U.N. Human Rights Report Documents ‘Extensive’ Human Rights Abuses in Venezuela

A Venezuelan opposition demonstrator waves a flag at the riot police in a clash during a protest against President Nicolas Maduro, in Caracas on May 8, 2017. Venezuela's opposition mobilized Monday in fresh street protests against President Nicolas Maduro's efforts to reform the constitution in a deadly political crisis. Supporters …
FEDERICO PARRA/AFP/Getty Images

The U.N.’s human rights office painted a grim picture of socialist Venezuela in a report issued Wednesday, documenting “extensive” and widespread repression of rights amid deteriorating living standards that have seen nearly half of all children affected by malnutrition.

The Office of the U.N. High Commissioner for Human Rights (OHCHR) formed a team in June to document human rights violations in the failed socialist nation, but says it was denied access to the country by President Nicolás Maduro’s government. Consequently, it conducted “remote monitoring activities in the region” including interviews with victims, families, NGOs, and the attorney general’s office.

“OHCHR’s findings detailed in this report point to an increasingly critical human rights situation since the protests began, with mounting levels of repression of political dissent by national security forces, and increasing stigmatization and persecution of people perceived as opposing the Government of President Maduro,” the report found.

The report says it also documented “extensive violations of human rights” during the demonstrations, with security forces detaining protesters, and treating them poorly:

Patterns of ill-treatment, in some cases amounting to torture, and serious violations of due process rights of persons detained in connection with the protests by Venezuelan authorities were also documented. Credible and consistent accounts of victims and witnesses indicate that security forces systematically used excessive force to deter demonstrations, crush dissent and instil fear.

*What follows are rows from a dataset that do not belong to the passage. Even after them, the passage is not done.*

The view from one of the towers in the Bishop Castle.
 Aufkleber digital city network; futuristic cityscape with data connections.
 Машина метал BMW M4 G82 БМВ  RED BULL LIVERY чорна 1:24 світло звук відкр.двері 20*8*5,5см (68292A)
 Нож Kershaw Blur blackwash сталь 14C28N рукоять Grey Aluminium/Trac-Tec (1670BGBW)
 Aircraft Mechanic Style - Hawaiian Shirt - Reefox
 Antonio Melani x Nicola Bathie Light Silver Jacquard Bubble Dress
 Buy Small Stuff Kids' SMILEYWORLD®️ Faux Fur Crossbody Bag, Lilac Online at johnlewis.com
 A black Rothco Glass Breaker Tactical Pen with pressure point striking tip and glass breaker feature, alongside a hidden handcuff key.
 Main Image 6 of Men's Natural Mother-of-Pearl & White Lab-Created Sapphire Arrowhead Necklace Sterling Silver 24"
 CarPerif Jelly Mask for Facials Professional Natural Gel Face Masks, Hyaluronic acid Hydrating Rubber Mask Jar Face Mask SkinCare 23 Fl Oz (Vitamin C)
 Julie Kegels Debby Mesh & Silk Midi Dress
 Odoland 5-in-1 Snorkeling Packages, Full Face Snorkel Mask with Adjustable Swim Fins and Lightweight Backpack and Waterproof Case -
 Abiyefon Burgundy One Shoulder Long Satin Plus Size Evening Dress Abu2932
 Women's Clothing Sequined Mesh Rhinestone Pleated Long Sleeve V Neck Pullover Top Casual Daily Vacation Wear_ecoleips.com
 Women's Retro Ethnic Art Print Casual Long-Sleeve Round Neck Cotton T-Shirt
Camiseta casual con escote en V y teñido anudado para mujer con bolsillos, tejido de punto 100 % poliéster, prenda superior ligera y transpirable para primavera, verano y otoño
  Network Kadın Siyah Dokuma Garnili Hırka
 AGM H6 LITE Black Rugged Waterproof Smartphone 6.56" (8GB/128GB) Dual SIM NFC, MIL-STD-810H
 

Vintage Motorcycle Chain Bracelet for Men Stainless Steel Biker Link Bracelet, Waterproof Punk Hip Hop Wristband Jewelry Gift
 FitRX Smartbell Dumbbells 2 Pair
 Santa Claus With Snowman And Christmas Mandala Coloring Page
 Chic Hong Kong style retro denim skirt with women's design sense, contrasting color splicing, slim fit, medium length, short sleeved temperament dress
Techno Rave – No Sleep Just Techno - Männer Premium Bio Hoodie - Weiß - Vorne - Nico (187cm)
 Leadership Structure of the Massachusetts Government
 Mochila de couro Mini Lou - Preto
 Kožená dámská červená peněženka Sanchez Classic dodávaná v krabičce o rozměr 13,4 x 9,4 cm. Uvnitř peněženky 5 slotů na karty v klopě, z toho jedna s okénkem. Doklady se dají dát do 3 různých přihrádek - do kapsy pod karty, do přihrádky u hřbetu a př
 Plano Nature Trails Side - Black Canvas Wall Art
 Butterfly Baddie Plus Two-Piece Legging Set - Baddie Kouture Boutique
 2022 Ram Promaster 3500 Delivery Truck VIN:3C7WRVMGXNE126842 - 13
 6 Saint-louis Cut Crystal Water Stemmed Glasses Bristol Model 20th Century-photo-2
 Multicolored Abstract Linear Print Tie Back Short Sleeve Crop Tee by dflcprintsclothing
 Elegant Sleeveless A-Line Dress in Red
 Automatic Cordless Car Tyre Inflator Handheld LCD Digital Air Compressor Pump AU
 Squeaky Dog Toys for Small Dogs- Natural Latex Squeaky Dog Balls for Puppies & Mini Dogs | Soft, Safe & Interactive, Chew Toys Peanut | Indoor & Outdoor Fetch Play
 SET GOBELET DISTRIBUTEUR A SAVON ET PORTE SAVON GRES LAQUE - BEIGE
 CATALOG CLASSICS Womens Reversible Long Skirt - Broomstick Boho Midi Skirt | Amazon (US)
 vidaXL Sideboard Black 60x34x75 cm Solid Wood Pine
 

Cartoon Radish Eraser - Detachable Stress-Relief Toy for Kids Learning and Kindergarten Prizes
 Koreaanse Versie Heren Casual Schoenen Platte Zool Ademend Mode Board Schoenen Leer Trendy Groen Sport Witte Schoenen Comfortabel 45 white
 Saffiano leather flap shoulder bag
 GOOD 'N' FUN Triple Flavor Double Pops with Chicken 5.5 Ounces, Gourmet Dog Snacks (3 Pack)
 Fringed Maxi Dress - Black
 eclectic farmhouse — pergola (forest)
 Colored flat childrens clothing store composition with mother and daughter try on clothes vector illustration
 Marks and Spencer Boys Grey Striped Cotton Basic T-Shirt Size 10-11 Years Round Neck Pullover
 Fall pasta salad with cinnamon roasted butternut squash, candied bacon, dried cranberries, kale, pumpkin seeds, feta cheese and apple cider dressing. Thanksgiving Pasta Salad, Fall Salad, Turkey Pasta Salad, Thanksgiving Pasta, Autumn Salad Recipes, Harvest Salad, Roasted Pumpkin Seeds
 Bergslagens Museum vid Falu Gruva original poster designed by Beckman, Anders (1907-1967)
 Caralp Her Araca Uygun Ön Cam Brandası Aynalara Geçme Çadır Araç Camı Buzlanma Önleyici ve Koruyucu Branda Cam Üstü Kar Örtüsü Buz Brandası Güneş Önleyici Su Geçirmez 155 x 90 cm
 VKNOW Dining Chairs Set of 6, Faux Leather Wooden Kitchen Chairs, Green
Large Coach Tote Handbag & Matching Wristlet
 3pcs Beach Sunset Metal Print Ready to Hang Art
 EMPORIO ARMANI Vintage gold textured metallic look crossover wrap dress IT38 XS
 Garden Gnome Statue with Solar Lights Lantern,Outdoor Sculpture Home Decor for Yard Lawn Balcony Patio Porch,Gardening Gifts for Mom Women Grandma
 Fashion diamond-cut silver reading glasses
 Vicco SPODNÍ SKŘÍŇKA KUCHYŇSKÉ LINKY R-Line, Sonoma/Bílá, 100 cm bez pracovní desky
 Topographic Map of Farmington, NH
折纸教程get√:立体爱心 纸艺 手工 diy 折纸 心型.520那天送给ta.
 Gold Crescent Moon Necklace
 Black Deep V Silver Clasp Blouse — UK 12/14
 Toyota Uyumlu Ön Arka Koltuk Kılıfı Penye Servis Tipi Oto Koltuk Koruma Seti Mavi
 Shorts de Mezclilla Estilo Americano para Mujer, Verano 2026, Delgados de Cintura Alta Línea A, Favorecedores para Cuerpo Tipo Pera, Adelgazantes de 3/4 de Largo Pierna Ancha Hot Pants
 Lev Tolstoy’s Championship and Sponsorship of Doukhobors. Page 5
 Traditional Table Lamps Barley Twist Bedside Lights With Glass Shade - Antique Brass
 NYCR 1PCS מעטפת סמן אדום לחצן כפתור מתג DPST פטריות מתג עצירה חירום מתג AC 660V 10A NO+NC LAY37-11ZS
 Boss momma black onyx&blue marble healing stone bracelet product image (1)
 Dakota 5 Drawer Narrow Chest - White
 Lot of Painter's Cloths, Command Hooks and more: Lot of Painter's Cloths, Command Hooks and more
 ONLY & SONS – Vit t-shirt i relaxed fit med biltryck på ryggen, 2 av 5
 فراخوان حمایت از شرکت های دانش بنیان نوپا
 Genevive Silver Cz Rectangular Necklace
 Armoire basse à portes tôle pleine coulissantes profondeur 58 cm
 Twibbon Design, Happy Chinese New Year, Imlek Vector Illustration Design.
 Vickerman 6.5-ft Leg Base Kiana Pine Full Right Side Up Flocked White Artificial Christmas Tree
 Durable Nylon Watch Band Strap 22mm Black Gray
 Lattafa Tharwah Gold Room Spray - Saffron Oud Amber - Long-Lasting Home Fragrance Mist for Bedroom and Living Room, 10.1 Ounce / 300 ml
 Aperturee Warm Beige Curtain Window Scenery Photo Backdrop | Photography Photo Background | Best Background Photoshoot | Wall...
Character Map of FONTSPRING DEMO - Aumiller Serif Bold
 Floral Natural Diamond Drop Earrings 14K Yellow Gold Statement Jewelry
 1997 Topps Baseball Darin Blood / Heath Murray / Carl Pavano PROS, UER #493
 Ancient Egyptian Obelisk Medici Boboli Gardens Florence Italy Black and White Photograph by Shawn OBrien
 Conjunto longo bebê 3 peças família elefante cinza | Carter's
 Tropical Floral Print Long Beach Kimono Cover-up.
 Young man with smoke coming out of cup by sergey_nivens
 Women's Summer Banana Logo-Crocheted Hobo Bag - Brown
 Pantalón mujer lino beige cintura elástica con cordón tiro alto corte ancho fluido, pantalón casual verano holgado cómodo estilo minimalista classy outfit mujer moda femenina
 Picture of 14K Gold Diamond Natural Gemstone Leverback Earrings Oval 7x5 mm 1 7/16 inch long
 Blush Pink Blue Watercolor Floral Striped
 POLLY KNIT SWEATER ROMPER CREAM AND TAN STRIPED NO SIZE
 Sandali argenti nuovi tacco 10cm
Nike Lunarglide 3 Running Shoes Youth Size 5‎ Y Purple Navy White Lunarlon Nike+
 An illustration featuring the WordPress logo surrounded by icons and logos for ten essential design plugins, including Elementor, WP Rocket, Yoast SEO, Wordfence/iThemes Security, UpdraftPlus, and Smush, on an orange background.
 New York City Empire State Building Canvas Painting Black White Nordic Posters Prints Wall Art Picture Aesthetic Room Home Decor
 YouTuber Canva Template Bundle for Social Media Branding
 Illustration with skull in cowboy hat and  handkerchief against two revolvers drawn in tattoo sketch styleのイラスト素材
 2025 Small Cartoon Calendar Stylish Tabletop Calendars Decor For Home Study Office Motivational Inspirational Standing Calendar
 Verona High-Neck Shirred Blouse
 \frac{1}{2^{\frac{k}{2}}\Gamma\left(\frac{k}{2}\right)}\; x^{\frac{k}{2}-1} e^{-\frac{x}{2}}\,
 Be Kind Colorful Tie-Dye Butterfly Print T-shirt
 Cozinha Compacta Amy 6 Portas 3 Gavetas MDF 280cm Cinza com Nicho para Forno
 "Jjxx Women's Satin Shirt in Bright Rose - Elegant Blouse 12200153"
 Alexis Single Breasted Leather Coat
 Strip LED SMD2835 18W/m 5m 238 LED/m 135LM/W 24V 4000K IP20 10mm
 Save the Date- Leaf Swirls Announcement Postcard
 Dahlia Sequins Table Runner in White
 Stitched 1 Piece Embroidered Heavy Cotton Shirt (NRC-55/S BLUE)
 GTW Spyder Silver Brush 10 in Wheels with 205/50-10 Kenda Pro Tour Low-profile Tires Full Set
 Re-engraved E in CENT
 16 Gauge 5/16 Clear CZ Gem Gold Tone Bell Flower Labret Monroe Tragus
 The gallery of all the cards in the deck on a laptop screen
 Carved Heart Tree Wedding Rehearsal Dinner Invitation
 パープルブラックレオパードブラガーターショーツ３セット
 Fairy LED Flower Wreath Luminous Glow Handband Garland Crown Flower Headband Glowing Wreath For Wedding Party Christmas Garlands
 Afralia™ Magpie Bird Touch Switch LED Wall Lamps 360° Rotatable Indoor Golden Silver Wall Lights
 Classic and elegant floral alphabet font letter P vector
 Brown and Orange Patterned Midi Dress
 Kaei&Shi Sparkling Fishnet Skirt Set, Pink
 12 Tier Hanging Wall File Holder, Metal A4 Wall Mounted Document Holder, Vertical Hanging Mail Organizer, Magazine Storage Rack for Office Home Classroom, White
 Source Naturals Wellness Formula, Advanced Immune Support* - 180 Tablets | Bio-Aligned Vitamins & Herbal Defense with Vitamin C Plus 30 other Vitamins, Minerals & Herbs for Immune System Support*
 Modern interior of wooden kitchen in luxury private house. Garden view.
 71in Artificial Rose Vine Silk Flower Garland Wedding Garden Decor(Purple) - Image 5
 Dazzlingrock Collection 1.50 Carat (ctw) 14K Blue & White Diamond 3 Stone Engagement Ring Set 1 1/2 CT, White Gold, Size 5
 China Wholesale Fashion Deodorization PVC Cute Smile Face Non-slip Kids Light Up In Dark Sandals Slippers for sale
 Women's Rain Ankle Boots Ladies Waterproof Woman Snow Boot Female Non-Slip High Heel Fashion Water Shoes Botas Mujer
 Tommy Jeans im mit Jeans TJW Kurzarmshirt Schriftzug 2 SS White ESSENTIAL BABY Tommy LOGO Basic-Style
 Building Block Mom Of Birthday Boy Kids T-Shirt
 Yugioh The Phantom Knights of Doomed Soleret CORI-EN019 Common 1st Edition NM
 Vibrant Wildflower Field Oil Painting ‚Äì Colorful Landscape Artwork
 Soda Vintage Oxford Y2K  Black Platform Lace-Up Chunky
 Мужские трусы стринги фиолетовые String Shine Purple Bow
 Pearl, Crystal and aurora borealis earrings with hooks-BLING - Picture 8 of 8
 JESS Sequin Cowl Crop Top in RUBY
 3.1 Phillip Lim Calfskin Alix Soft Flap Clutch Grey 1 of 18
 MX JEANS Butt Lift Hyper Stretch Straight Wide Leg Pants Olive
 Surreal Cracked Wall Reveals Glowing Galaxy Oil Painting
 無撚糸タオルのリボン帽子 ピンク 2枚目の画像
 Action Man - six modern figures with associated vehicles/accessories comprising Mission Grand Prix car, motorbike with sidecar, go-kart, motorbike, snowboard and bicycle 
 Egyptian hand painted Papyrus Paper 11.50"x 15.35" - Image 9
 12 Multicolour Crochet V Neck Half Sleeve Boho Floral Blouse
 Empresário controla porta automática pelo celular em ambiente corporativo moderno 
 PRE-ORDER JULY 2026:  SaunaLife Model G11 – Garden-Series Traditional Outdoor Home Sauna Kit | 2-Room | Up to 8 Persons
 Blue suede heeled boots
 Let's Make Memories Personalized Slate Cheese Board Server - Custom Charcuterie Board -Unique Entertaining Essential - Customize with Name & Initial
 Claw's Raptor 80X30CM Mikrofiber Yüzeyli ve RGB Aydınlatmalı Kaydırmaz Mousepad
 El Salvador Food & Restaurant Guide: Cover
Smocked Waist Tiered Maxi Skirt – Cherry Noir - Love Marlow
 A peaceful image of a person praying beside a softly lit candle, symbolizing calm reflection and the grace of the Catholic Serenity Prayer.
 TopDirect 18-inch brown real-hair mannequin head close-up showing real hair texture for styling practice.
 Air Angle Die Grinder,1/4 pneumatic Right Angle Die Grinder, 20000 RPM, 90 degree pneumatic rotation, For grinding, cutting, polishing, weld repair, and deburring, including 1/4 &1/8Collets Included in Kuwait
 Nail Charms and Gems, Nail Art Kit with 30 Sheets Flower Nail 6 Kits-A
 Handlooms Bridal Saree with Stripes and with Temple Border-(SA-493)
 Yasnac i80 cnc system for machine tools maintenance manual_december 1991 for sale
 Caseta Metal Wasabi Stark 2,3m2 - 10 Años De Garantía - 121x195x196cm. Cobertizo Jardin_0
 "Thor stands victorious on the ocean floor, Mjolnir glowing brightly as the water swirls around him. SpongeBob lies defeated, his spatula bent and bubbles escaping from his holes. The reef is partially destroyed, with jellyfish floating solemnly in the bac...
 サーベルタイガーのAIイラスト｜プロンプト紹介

The Bolivarian National Police (PNB) and the Bolivarian National Guard (GNB), which is part of the armed forces, used tear gas and other less lethal weapons, such as water cannons and plastic pellets, during demonstrations without prior warning, in a non-progressive manner, and in violation of the international legal principles of necessity and proportionality.

In terms of numbers, the report found at least 124 deaths were being investigated in the context of demonstrations, while 5,051 people were detained “arbitrarily” between April and July—many of whom were subjected to “cruel, inhuman or degrading” punishment, sometimes amounting to torture.

“Treatment included the use of electric shocks, severe beatings, stress positions, suffocation, and threats of sexual violence and death, and intended to punish, humiliate and terrorize the detainees, as well as to extract confessions and information about alleged anti-government activities,” the report found. It also documented attacks on journalists and suppression of the free press.

“The policies pursued by the authorities in their response to the protests have been at the cost of Venezuelans’ rights and freedoms,” U.N. High Commissioner for Human Rights Zeid Ra’ad Al Hussein said in a statement accompanying the report. “The Government must ensure there are prompt, independent and effective investigations of the human rights violations allegedly committed by the security forces and of the abuses involving armed colectivos or violent protesters.”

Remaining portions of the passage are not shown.